My writing tends to be a little too matter-of-fact considering the complicated plots I prefer. I start out using plenty of similes and metaphors, but when I analyze them, they all sound trite or forced so I edit them out.
“The next minute the children were rolling around on the ground and pummeling each other like . . .” Like what? “Puppies” was too obvious, so I used “bear cubs” until I decided it sounded just as trite. But what else rolls around on the ground and pommels? Mud wrestlers? Thinking that’s not a proper image to use with children, I left off the simile.
Another time I tried to describe a character as one who seemed like a mental lightweight but had hidden depths. I didn’t want to use the trite “like an iceberg,” so I used “like the proverbial iceberg.” All that said is that I know I’m using a cliché, (wink, wink) but since I know it, it’s okay. It’s not okay, so I left it out and was left with another unadorned sentence.

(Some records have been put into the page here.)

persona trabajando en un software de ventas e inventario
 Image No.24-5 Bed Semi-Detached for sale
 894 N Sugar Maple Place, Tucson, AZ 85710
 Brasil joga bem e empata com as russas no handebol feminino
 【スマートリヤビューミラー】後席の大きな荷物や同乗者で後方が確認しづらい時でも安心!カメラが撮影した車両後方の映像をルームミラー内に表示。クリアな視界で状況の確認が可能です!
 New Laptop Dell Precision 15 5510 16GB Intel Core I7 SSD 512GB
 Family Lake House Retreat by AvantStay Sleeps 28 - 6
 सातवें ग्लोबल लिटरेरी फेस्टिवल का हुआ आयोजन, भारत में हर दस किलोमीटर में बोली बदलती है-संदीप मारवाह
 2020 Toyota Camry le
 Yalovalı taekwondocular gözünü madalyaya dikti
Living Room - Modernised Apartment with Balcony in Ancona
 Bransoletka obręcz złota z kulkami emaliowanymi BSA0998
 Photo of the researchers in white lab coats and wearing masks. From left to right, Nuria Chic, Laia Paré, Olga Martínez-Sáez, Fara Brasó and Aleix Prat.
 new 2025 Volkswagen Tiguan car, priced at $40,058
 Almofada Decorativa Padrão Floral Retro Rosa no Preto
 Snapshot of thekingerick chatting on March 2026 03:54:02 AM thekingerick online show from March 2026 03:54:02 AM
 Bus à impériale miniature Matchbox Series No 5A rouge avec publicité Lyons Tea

But at least I don’t make mistakes like this one I found in a book by an author who should have known better. “Her eyes swept across the room like a broom.” Her gaze might sweep like a broom, but her eyes? Only in a horror movie, but still . . .ick! That’s almost as hideous an image as “their eyes locked.” How exactly do eyes lock? Like braces sometimes do when teenagers kiss?
Nor did I make this mistake: “The room was so crowded it was literally filled to the rafters.” Literally filled? Does he mean the people were stacked one on top of the other? Or standing on each other’s shoulders? Again, an image fit only for a horror movie.
In the end, I guess I’d rather have a prosaic writing style than one that gives people unintentional nightmares.